Peruvian cuisine is one of the best in South America and it's known not only for its exquisite taste, but also for its variety and ability to incorporate the influence from different times and cultures. The Peruvian cuisine is an important expression of its own culture just as its ceramics, textiles, music and literature. Thanks to Peru's three regions and ocean there are an abundance of markets that can offer a variety of fresh ingredients that satisfy not only the housewife but also the most sophisticated chef.
The culinary history of the Peruvian food dates back to the Incas and pre-Incas with its maize, potatoes and spices that later was influenced by the arrival of the Spanish colonies, and throughout the years it incorporated the demands of the different migrations and "mestizajes". Such groups included Chinese, European, African and Japanese immigrants.
The Incas... In the Incas Chronicles, Garcilazo Inca de la Vega narrates the foods of the ancient Peruvians and their rituals. Garcilazo describes the Incas meals as being in abundance because it was served not only to the Inca but also to his extended families, guests and large number of servants. The most important meal of the day, not only for the Incas but also for all the ordinary people, was served in the morning between 8 and 9 and the only other meal was served at dusk. It's known that the Inca had a group of chefs assigned to him but the concubines where the ones that cooked for him. It is also known that drinks where never mixed during the meals they where normally taken afterwards.
One of the most important ingredients during Pre-Hispanic times was maize and it was prepared toasted or simply boiled in water and on special occasions it was prepared into bread and "humitas" (tamales). Another basic ingredient of these cultures was the potato and it was cooked or roasted and used in stews. Also used were squash, a variety of beans, "oca" and yams. The meats that these ancient Peruvians ate were "huanaco", "pacollama", deer, roe deer and male fallow deer, also a variety of birds called "nunuma" that were very similar to the Spanish goose. Among the most known fruits the Incas grew were bananas, avocados, papayas, plums and giant pineapple (twice the size of the ones known by the Spaniards). The most important seasoning used to prepare the meals was what today is known as "aji" and it used to be called "uchu" by the Incas or "pepper from the Indies" by the Spaniards. Aji even today is one of the most important ingredients used in the Peruvian kitchen.
Another important component to pre-Hispanic Peruvian cuisine is the seafood and the foods from the coastal region. Fishing was an important source of food before the conquest. Around a third of the coastal population was dedicated to fishing and this was all possible thanks to the variety of fish characteristic of the Peruvian ocean. Also important sources of food in the coastal region were the llama, Alpaca, guanaco, duck and in certain areas dog (even though the Incas would never eat dogs). The guinea pig was mainly consumed by the ordinary people and its skin was set to dry and later chopped and called then "charqui". This "charqui" was used to prepare soups and stews. Use your Peru cellular phone rentals to make a reservation at a local restaurant that serves these specialties.

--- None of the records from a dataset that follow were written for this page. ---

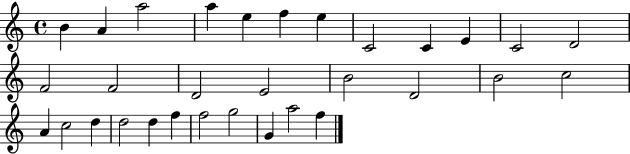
{
  \clef treble
  \time 4/4
  \defaultTimeSignature
  \key c \major
  b'4 a'4 a''2 | a''4 e''4 f''4 e''4 | c'2 c'4 e'4 | c'2 d'2 | \break f'2 f'2 | d'2 e'2 | b'2 d'2 | b'2 c''2 | \break a'4 c''2 d''4 | d''2 d''4 f''4 | f''2 g''2 | g'4 a''2 f''4 | \break \bar "|."
}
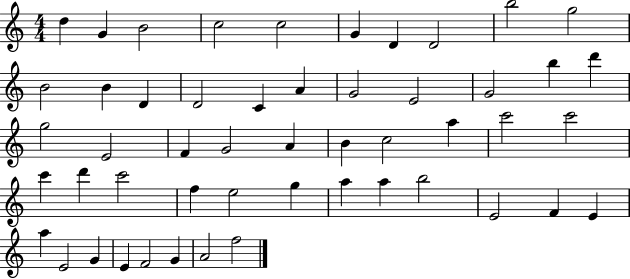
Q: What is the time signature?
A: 4/4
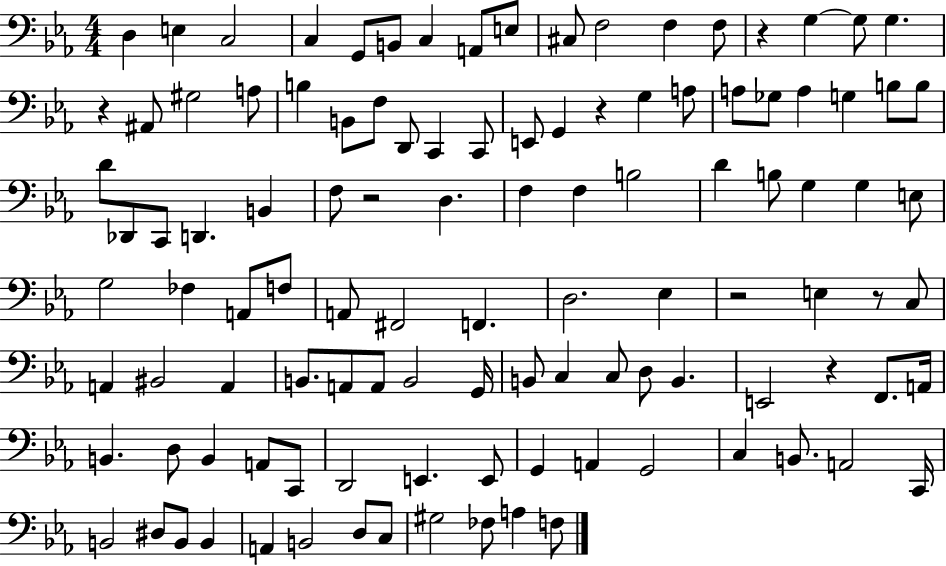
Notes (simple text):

The food after the Conquest... After the arrival of the conquerors in 1533 a number of ingredients and culinary styles where brought from Europe and the rest of world that started the process of "mestizaje". Among these new ingredients which became part of the native recipes were cows, hens and rabbits. Wheat was also brought and it took three years of conservation before it was actually used to make bread. Garcilazo Inca de la Vega narrates in his chronicles that later on the vine grapes and olives where also brought by Noble Spaniards. As far as fruits and vegetables, lettuce, eggplants, onions, spinach, asparagus, cilantro, parsley and figs, oranges, limes, peaches, apples and cherries were also brought from Europe.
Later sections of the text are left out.